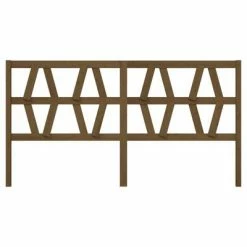 VidaXL Tête de lit Marron miel 186x4x100 cm Bois massif de pin -Têtes et pieds de lit Soldes image 3 818638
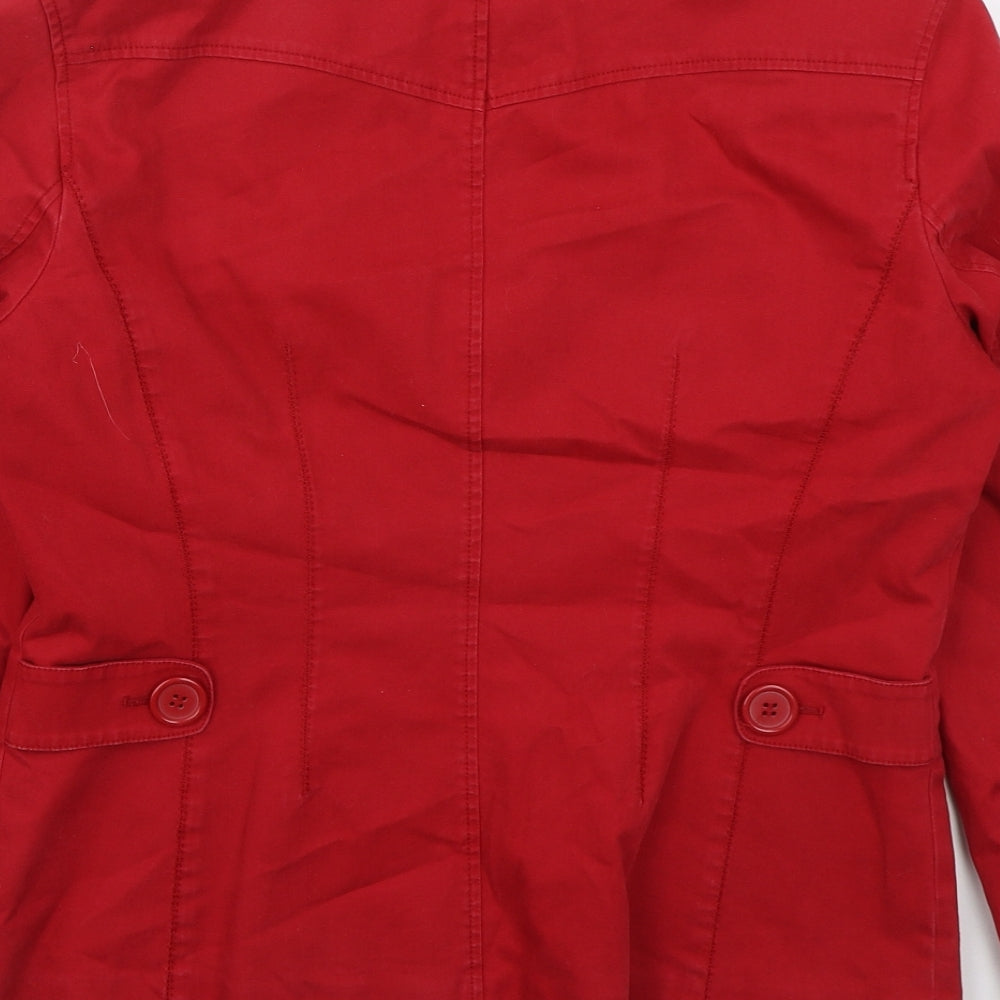 NEXT Womens Red   Jacket  Size 10  Zip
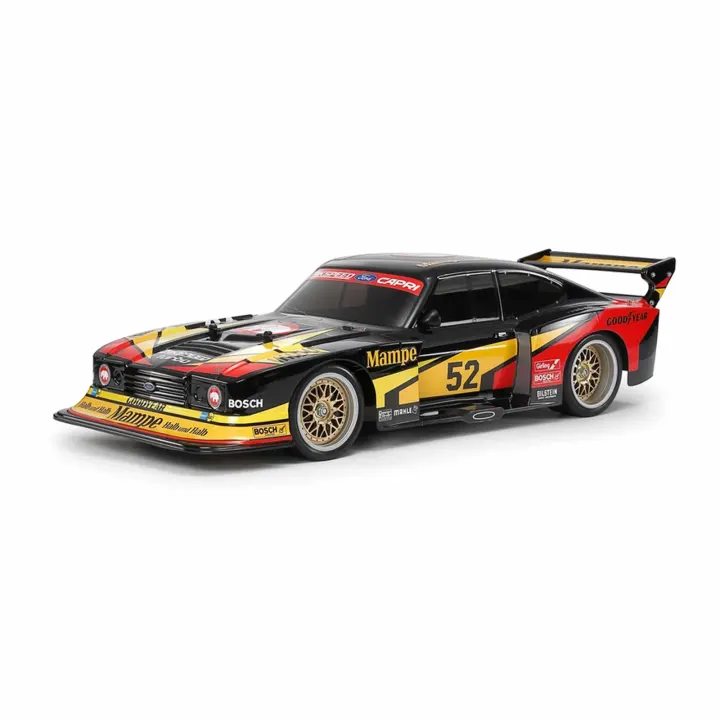 Tamiya 1/10 1978 Ford Zakspeed Capri Turbo TT-02 4WD On-Road High Performance Racing Car Kit, LIMITED EDITION
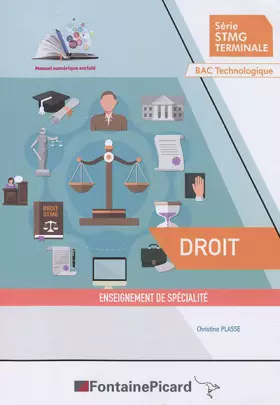 Couverture du produit · Droit Enseignement de spécialité Terminale STMG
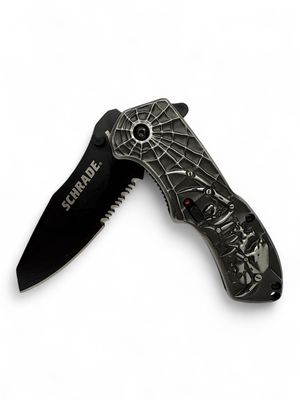 Schrade Boneyard Series Spider M.a.g.i.c Folding Knife, SCHA15BS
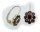 Damen Ohrringe m. Granat in Gold 585 Granatohrringe Gelbgold Bouton 6985/5GR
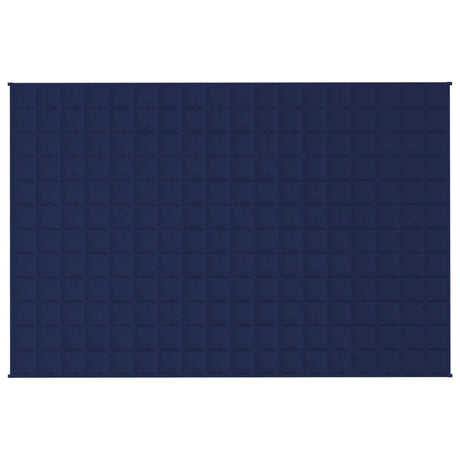 Vidaxl verzwaringsdeken 122x183 cm 9 kg stof blauw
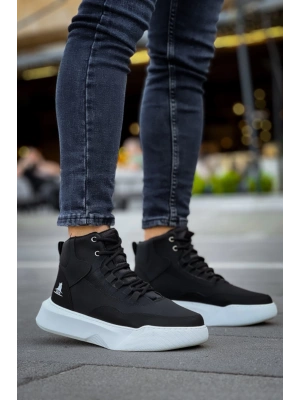 Ba0318 Bağcıklı Erkek Yüksek Taban Beyaz Taban Spor Erkek Bot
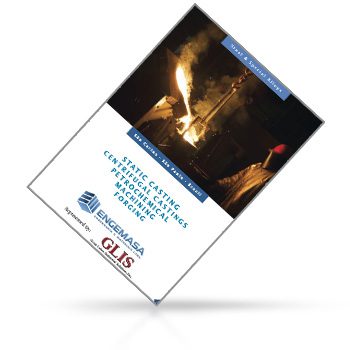 GLIS brochures oil press brochure cover highlighting precision casting and industrial alloy solutions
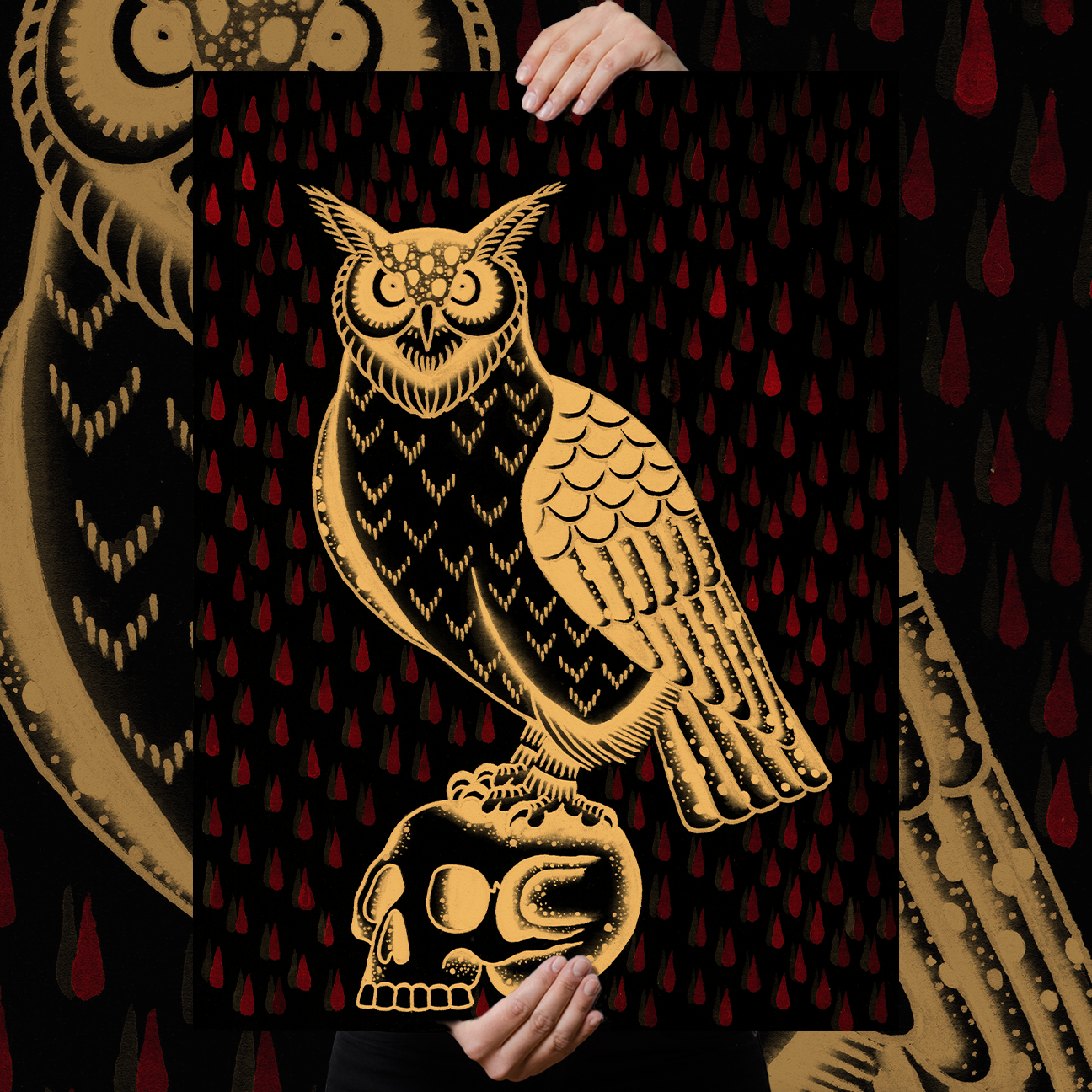 Marvin Nygaard "Owl & Skull: Night" Giclee Print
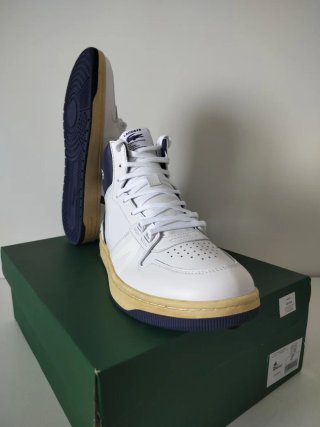 LACOSTE Vintage L001 Mid White/Navy Sneakers Men's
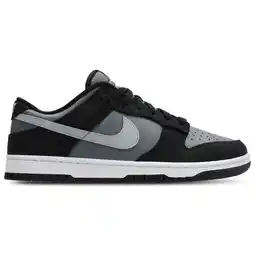 Foot Locker Nike Dunk Sneakers Heren - Zwart - Maat 42 - Leer aanbieding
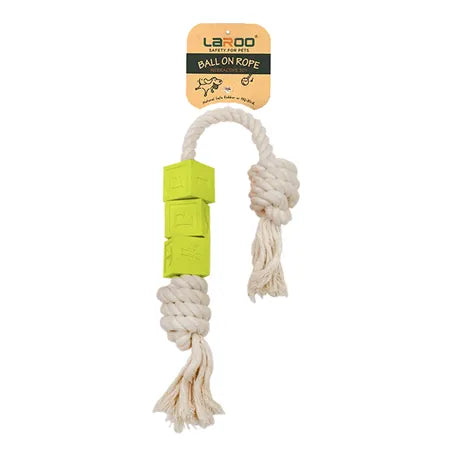 Gummiterninger på tau solid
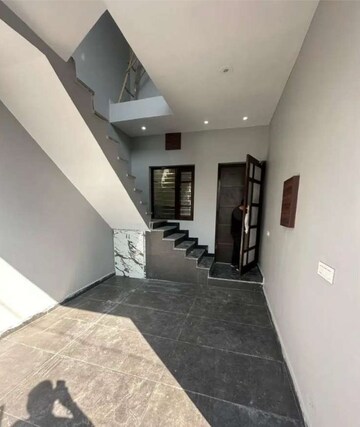 Parking in 3 BHK Independent House at Panchsheel Enclave Plots, Dhakoli Village – for Sale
::::::::::
• [ABOUT THIS TASK]
For this exercise, reproduce exactly the lines of the records above from the one with "Couverture du produit" up to and including the one with "Vidaxl verzwaringsdeken 122x183", without pictures.

• [RESPONSE AREA]
 Couverture du produit · Droit Enseignement de spécialité Terminale STMG
 Schrade Boneyard Series Spider M.a.g.i.c Folding Knife, SCHA15BS
 Damen Ohrringe m. Granat in Gold 585 Granatohrringe Gelbgold Bouton 6985/5GR
 Vidaxl verzwaringsdeken 122x183 cm 9 kg stof blauw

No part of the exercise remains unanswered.